Cardboard does not belong on your soil. Period.

In the quarter century that I’ve been researching, publishing, and educating on the topic of landscape mulches, one thing has become clear: cardboard should never be used as a mulch. This viewpoint has been of great interest to gardeners; in fact, my earlier post has been the most frequently viewed post since it was published in 2015. I occasionally appended new information to the original post as needed, but the topic deserves an update.

Landscape mulching with cardboard is wildly popular but has no published research to support it. Photo courtesy of Chris Martin on Flickr.

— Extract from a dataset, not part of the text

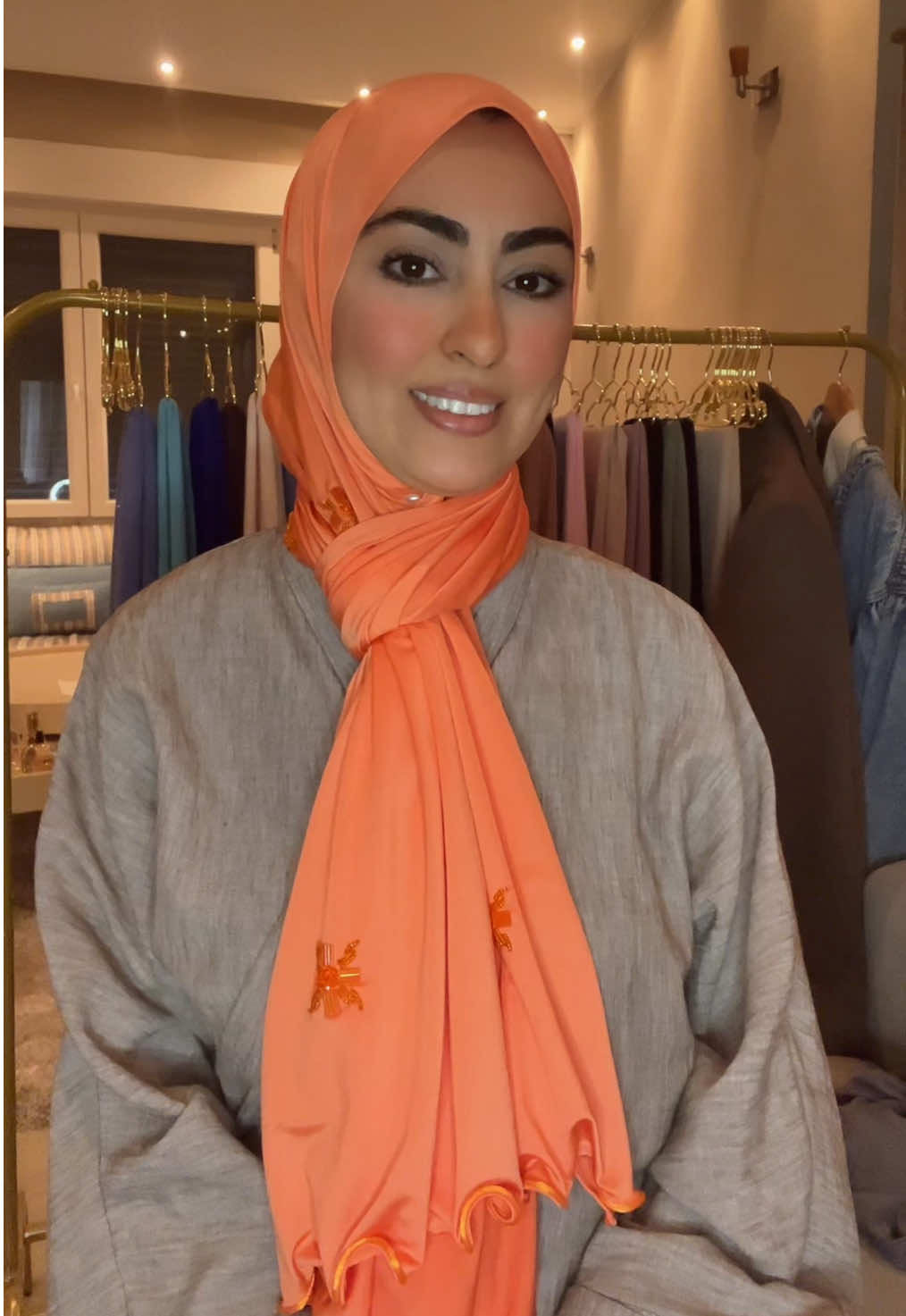 Hijab tutorial avec le hijab princess orange , disponible sur le site 🧡🧡🧡 #hijabtutorial #tutorial #scarftutorial #shawltutorial #hijabstyle#HijabFashion#hijabcollection #hijabbyf #hijabjersey#satin#fyp #hijabigirl#hijabista#hijabers#hijab #حجاب#حجاب_ستايل #حجاب_توتوريال #لفات_حجاب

Rather than rehashing what’s been written earlier (which can be found here, here, here, here, and here in addition to the link above), I’m providing information in a Q&A format that might be helpful:

Q: Is there research on using cardboard mulch in home landscapes?

A: Not much. To date, the only peer-reviewed research relevant to landscape soil conditions is our own work published in 2019. The abstract explains the importance of the results to landscape soil health as stated in the abstract (below):

“The orders of magnitude differences in diffusion coefficients among the mulch materials, however, could negatively impact a diverse soil environment such as those found in biologically rich landscapes with higher oxygen demands. Among the mulches tested, wood chips are a preferred method of mulching in terms of providing best gas permeability, particularly in landscape conditions.”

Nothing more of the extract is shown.